----- DATA FOR ANALYSIS
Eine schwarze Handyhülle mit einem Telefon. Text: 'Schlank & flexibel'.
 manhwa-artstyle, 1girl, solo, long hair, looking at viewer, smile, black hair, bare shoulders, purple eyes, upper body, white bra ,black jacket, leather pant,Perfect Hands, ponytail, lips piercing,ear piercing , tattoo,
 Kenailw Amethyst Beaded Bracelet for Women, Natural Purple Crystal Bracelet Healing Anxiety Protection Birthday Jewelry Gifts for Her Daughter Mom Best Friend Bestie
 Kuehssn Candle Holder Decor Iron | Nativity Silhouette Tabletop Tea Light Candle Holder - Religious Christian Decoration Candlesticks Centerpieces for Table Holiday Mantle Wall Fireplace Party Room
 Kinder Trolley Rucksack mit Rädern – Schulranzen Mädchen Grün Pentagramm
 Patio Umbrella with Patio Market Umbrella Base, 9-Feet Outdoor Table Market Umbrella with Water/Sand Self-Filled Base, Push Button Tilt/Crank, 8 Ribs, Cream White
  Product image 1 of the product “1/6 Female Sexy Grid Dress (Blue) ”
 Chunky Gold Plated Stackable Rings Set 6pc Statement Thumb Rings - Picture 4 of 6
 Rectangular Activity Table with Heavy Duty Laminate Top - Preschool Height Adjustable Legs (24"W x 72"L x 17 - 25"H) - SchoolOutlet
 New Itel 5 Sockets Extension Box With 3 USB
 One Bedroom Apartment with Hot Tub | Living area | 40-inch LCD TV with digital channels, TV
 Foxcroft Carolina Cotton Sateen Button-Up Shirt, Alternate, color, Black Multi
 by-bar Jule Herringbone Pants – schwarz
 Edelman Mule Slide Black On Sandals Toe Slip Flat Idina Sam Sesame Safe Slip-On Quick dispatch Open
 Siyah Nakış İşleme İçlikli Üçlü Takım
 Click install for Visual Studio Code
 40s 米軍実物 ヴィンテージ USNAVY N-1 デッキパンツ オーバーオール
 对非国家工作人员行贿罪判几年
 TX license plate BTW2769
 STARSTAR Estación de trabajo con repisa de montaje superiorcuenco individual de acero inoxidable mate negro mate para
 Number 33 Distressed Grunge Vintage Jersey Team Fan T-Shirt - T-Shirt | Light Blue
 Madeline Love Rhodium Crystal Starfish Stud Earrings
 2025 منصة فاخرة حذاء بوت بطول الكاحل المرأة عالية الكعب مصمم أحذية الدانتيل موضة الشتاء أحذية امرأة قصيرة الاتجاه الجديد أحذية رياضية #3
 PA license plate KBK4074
----------
## PROMPT
In the entries, find every line holding "Crystal" and copy it.

## RESULT OF THIS TASK
 Kenailw Amethyst Beaded Bracelet for Women, Natural Purple Crystal Bracelet Healing Anxiety Protection Birthday Jewelry Gifts for Her Daughter Mom Best Friend Bestie
 Madeline Love Rhodium Crystal Starfish Stud Earrings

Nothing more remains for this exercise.